Heureusement le sujet est redevenu politique, aux mains d’hommes et de femmes qui pensent société et pas seulement santé.

Déconfiner et déconcentrer

Cette entrée en déconfinement met en lumière une particularité de nos sociétés modernes, la concentration dans l’espace et dans le temps. 

Dans les grands centres urbains – la région parisienne en étant la meilleure illustration en France – tout est organisé pour vivre densément, alors que brusquement nous devons nous écarter, tenir nos distances dans un espace pourtant contraint…

Dans les entreprises de services, ces étapes de déconfinement progressif seront fastidieuses et elles nous feront perdre encore de la productivité avant de revenir à des capacités de fonctionnement plus conformes à l’énergie que nous y mettons.

En-dessous de 30% des effectifs sur sites, l’intérêt de renouer des échanges physiques avec ses collaborateurs est réduit, puisque l’essentiel se fera encore à distance.
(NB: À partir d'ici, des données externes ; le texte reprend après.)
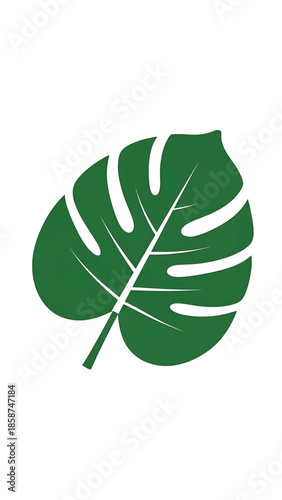 A stylized dark green Monstera deliciosa leaf with iconic splits and a central vein, isolated on white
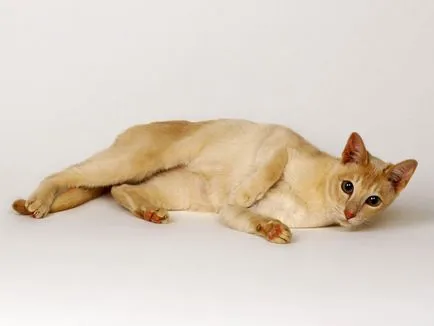 Породи котки и техните герои (котки) Породи котки и техните герои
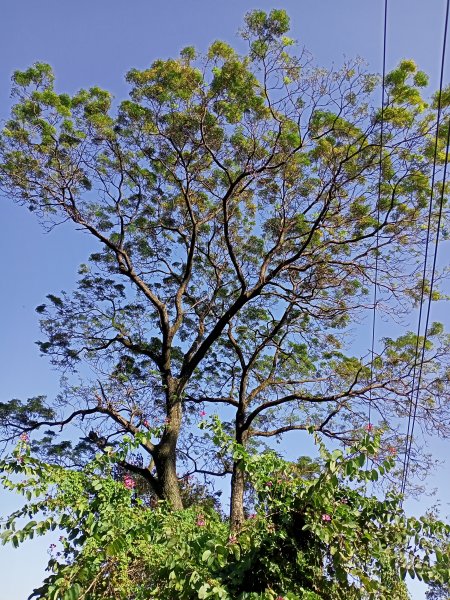 桃園大溪石門水庫楓林步道、齋明寺古道【南山神壽任務】1963918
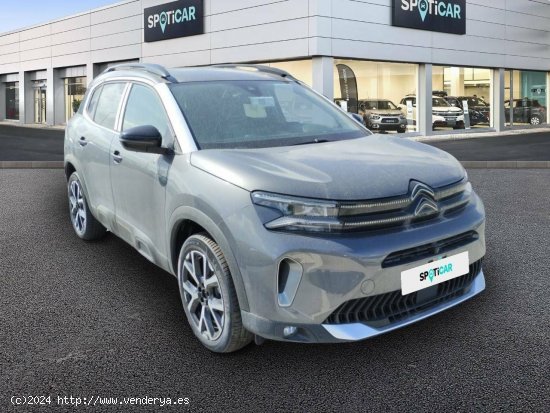 Citroën C5 Aircross  BlueHdi 96kW (130CV) S&S EAT8 Shine Pack - Los Barrios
Et nous rajouterons aux lacunes spécifiques du télétravail les contraintes de temps de déplacement et d’absence de services sur nos lieux de bureaux, en particulier de restauration, pour ceux qui se déconfineront.
Mais ces étapes sont nécessaires pour se retrouver physiquement et partager régulièrement une culture et des connaissances collectives qui ne peuvent se suffire à terme de la relation digitale. Elles sont indispensables pour renouer avec le collectif et espérer une performance à la hauteur des services attendus. Nos clients, quels qu’ils soient, ne pourront pas se contenter d’une production aussi limitée que celle que nous connaissons actuellement, sauf à s’installer dans une société qui consommerait autant de moins.
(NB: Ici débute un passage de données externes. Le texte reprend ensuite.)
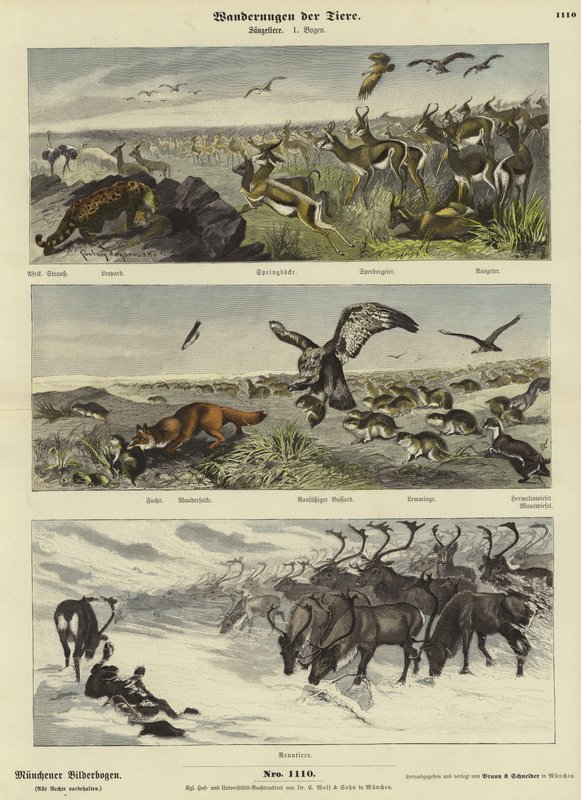 Migrations of Animals by German School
Rééquilibrer télétravail et présentiel

Pour autant il est peu probable que nous revenions à un tout en présentiel. La réalité de nos « occupations » des bureaux était de l’ordre de 80% avant la crise. Il sera sans doute autour de 10% lors de la première semaine de déconfinement en région parisienne, contre 5% actuellement.
Alors vers quel équilibre allons-nous tendre pour optimiser les moments de télétravail et la nécessité de se retrouver ?
À ce stade, un objectif de 60% en présentiel et donc de 40% en télétravail serait intéressant. Cela représenterait concrètement deux journées de télétravail par collaborateur chaque semaine et trois sur sites, avec une densité d’occupation réelle des bureaux qui serait de l’ordre de 50%.
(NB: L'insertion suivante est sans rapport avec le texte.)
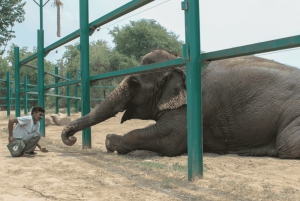 ニューデリー発：タージ・マハル日の出ツアーと象の野生動物観察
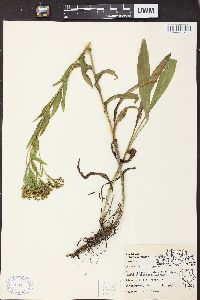 Solidago ohioensis image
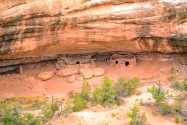 Natural Bridges NM UT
Cet équilibre réduirait de 20 à 40% les emprises immobilières nécessaires et presque autant les déplacements du quotidien. Nous pourrions même espérer que ce gain global de place, à condition de passer largement au flex office, soit réinvesti dans le logement et diminue les coûts exorbitants de l’habitat dans les grandes métropoles.

En fait, avec un télétravail généralisé, il serait logique que l’espace privé récupére une partie de celui consacré aux activités professionnelles puisque tel serait le sens de ce mouvement inédit.

Réduire aussi les concentrations des déplacements

La réduction des déplacements pourrait nous laisser réfléchir aux « heures de pointe », ces créneaux de trois heures le matin et l’après-midi qui plombent nos transports et nos vies en épuisant les « voyageurs ».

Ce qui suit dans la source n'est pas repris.